Bugün, dünya haritasında kimseden destek
almaksızın, tek başına ayakta durabilen devlet yoktur. Rum tarafı üyesi olduğu
AB’den, anavatanı Yunanistan’dan, işbirliği yaptığı Rusya, İsrail, Mısır,
Fransa ve İngiltere’den destek almamakta mıdır?
Bugün, Rum liderliği Kıbrıs’ta Helenizm için
mücadele ettiğini açıkça ilan etmektedir. Yunanistan, Rum Ulusal Konseyi ve Rum Kilisesi
bu mücadelenin en büyük destekçisidir.
Rum liderliği, Yunanistan ile her konuda
anlaşarak, görüş birliği içinde hareket ediyoruz diye övünmektedir.

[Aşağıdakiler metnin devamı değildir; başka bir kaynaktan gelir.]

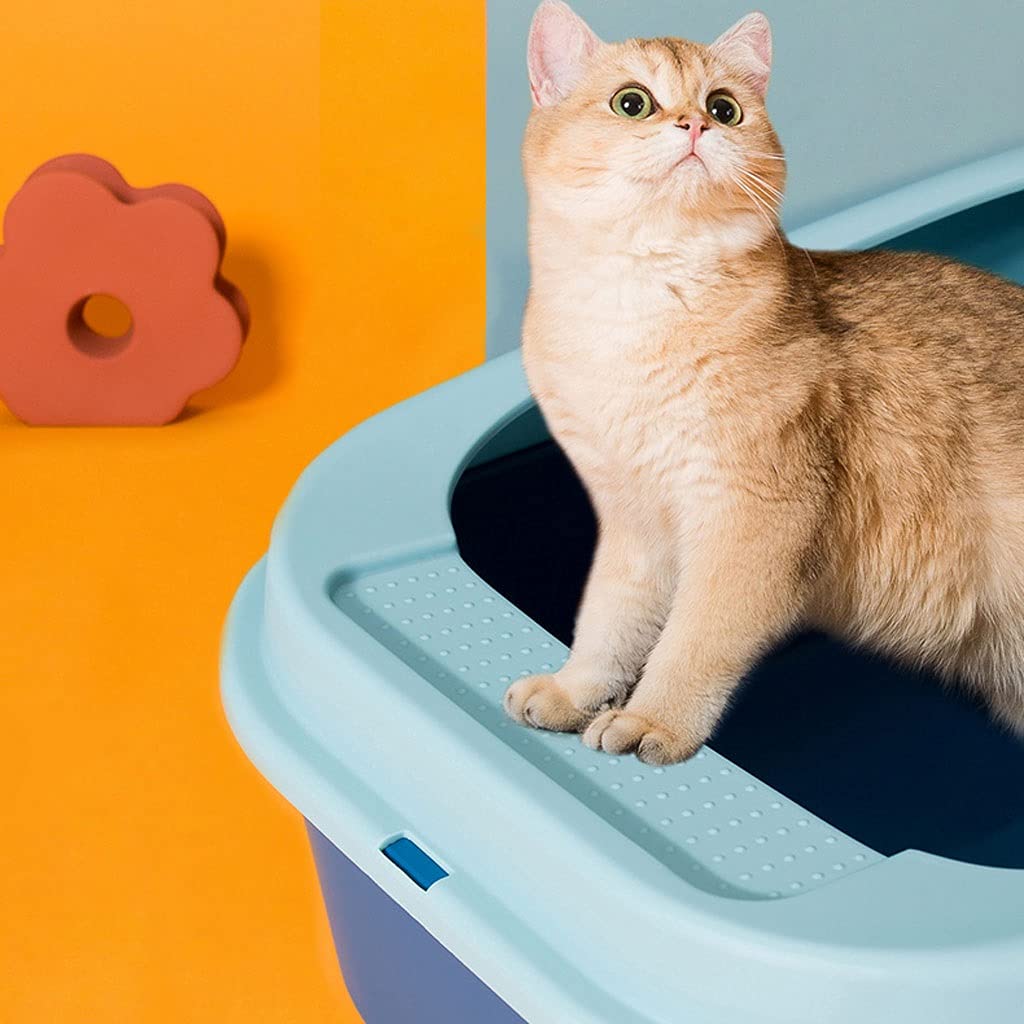 Cajas de Arena Caja de Arena de Gato de Gato de Gato de Gato Grande Espacial Espacio para facilitar la Limpieza Arenero ​Gatos (Color : B)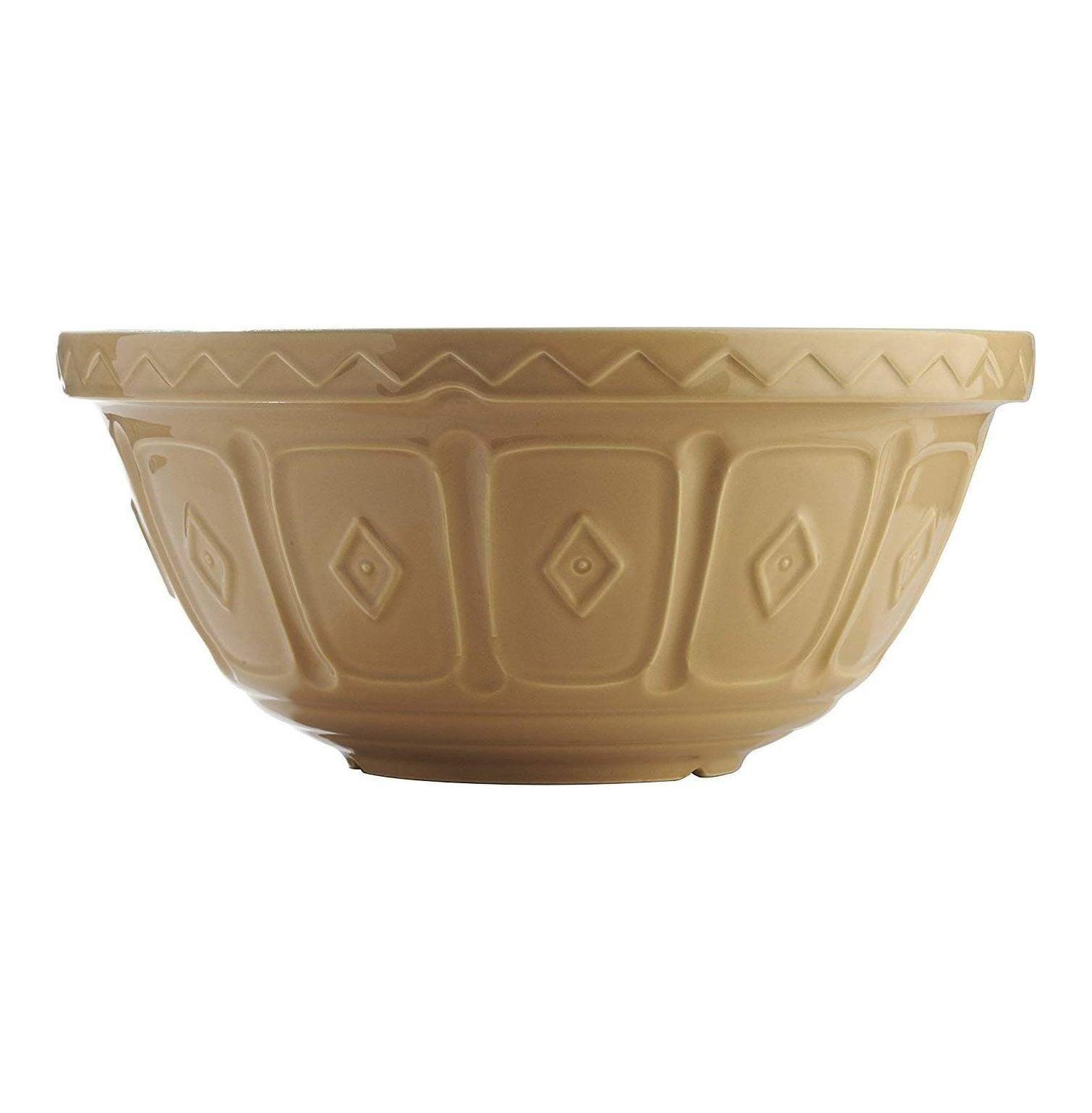 Cane Earthenware Mixing Bowl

Kıbrıs Türk Halkı da Anavatan Türkiye ile uyum
içinde hareket etmekle övünmeli, Kuzey Kıbrıs Türk Cumhuriyetini yaşatmak için
mücadele etmelidir.
Esas olan; KKTC de yaşayan Kıbrıs
Türk’ünün özellikle de genç nesillerinin Kuzey Kıbrıs Türk Cumhuriyetinden
vazgeçildiği takdirde, Rum çoğunluğun içinde istenmeyen, ‘’Türkçe konuşan Kıbrıslı’’ muamelesi karşısında eriyip gidileceğini
iyi bilmesi gerekir.
Günümüz Kıbrıs’ında KKTC’nin varlığı göz ardı
edilemez. Kıbrıs’ta tarafların bugünkü durumu çoktan çözümü sağlamıştır.
Olması imkânsız türlü çözüm arayışlarıyla masaya
oturmak, sadece zaman kaybından ibarettir. Artık KKTC devletinin uluslararası
platformda tanınması zamanı gelmiştir.